As loss-of-function of LEDGF/HDGF2 phenocopied that of NSD1/2, we speculated that LEDGF/HDGF2 function as the main readers that mediate the downstream effect of NSD1/2 in regulating gene expression profiles and pathways in the context of DIPG. Indeed, ChIP-seq of H3K36me2, LEDGF, and HDGF2 gave evidence of a general positive correlation among their chromatin occupancies (Fig. 3A and25). In a comparison between H3-WT and H3K27M DIPG cells, the enriched occupancy of LEDGF/HDGF2 correlated highly with the spreading of H3K36me2 at de-repressed loci elicited by H3K27M, in stark contrast to those genes decorated by H3K27me3 (Fig. 3A and S3). Genes with higher mRNA expression levels by RNA-seq exhibited substantially higher enrichments in H3K36me2, LEDGF, and HDGF2 occupancies by ChIP-seq (Fig. 3B). Furthermore, in an isogenic HEK293T-based system with inducible H3 histone, either WT or H3K27M, we consistently observed increased LEDGF/HDGF2 occupancy at select loci which had lost H3K27me3 and gained H3K36me2 either upstream or downstream of the transcription start sites (TSS) upon induction of the H3K27M oncohistone (Fig. 3C). Next, we generated an NSD1 as well as an NSD2 knockout (KO) line in DIPG13 cells by using CRISPR/Cas9 to disrupt the respective catalytic SET-domain. Consistent with RNAi-based results, NSD2-KO cells exhibited extremely poor proliferation and very low H3K36me2 levels whereas changes in these criteria were almost inconsequential in the NSD1-KO cells (Fig. S4A). Importantly, NSD2-KO cells also exhibited largely reduced chromatin occupancies of LEDGF and HDGF2 (Fig. 3D). Together, these data ascertain the hierarchical relationship of NSD1/2-LEDGF/HDGF2 in regulating gene expression in DIPG cells. Of note, we were unable to obtain a NSD1/2 double KO (dKO) line in DIPG13, and the NSD2-KO lines were barely maintainable, becoming very sensitive to lentiviral infection and the selection process, thereby preventing a successful rescue using a WT NSD2 cDNA. In parallel, we also generated an NSD1 and NSD2 dKO by CRISPR/Cas9 in HEK293T cells and corroborated that loss of NSD1/2 and H3K36me2 only slightly affected its proliferation (Fig. S1D and S4B).

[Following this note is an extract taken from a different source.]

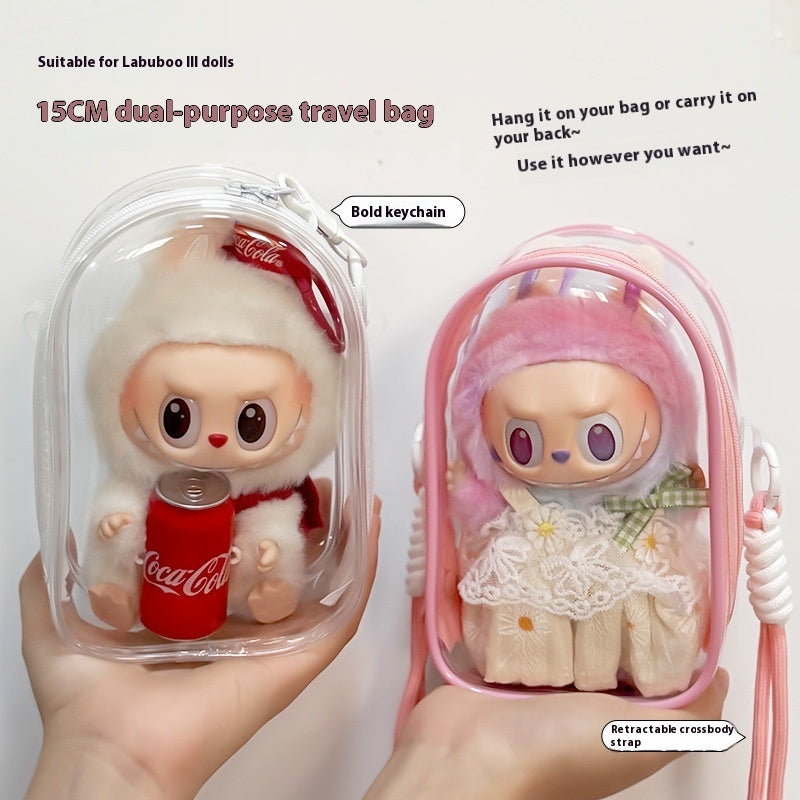 L Toy Storage Display Bag Cute High Transparent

We then investigated the functional consequence to gene expression profiles and the pathways affected upon loss of NSD1/2 or LEDGF/HDGF2 in DIPG13 cells. We performed RNA-seq analysis using NSD2-KO cells in which we transiently knocked-down NSD1 using siRNAs (NSD2-KO+siNSD1), as well as LEDGF/HDGF2 double KD (dKD) cells. By Gene Set Enrichment Analysis (GSEA), we detected the down-regulation of a total of 1228 previously established gene signatures/pathways in NSD2-KO+siNSD1 cells (clone #7), two-thirds (788/1228, 64%) of which overlapped with those down-regulated in LEDGF/HDGF2 dKD cells (Fig. 4A, left). A similar result (752/1129, 66%) was observed in a second independent NSD2-KO clone (clone #10) (Fig. 4A, right). The high-ranked overlapping signatures/pathways included ESC stemness gene signature, CHEK2 pathway, EGFR signaling, MYC targets, Pre-B lymphocyte developmental genes, and hypoxia-down-regulated genes (Fig. 4B and S5), indicating that the NSD1/2-H3K36me2-LEDGF/HDGF2 writer-reader module is necessary for maintaining the distinctive tumorigenic gene expression pattern in H3K27M DIPG cells (Fig. 4B). On the other hand, co-KD of DNMT3A and DNMT3B exhibited some, but less correlation with loss of NSD1/2 as gauged by RNA-seq and GSEA analyses (Fig. S5).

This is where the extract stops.